The WWE’s issue with booking champions is a tale as old as time. On last night’s episode of Monday Night Raw, both Sheamus and Nikki A.S.H. were the latest champions to fall victim to this ineffective brand of booking. This is a company which, years ago, adopted the mantra of “wins and losses don’t matter”. Unfortunately for them, wins and losses do matter. In any other sport, wins and losses are the difference between success and failure. Whereas, of course, there is the argument that professional wrestling is not a sport, it presents itself as such. Given the nature of pro wrestling being a universe containing thousands of pro wrestlers aiming to defeat rivals in hope of claiming championship glory, it is a sport – albeit a predetermined one. As winning is the basis of any sport, it should be so within the WWE, also. Let’s explore some of the apparent problems with consistently and constantly pinning your champions.

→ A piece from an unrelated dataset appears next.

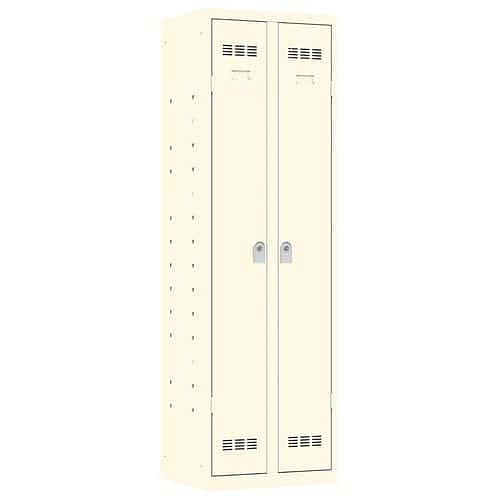 Svařovaná skříň víceúčelová Vinco, 2 oddíly, 600 mm, cylindrický zámek, béžová/béžová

The Problem of 50/50 Booking: Nobody Gets Over
Right now, the recently returned John Cena looks and feels like more of a star than anybody else within the company. The reason for this is simple: for years, he was never the victim of the dreaded term “50/50 booking”. John Cena was booked as a triumphant babyface from his first championship run in 2005, right up to the winding down of his full-time career in the mid-2010s. Roman Reigns, among the full-time active WWE superstars, is booked similarly; he has not been pinned or submitted since 2019 and is the most over superstar in the company as a result. Bobby Lashley, current WWE Champion, is someone who was a victim of 50/50 booking prior to winning the WWE Championship from The Miz and, to an extent, has had to rebuild during this championship run – so that he can regain the legitimacy someone of his sheer star caliber deserves. Whereas not every champion can be booked in this manner, champions should not be losing pointless non-title matches every single week. Champions are not supposed to be the underdogs; they are the champions with the challenger in the role of underdog. Occasional champions can be utilized as underdogs – Miz is someone who makes sense as a weasel-like, underdog champion – but it should not be true of the majority of champions, especially babyface, fighting champions like Nikki A.S.H.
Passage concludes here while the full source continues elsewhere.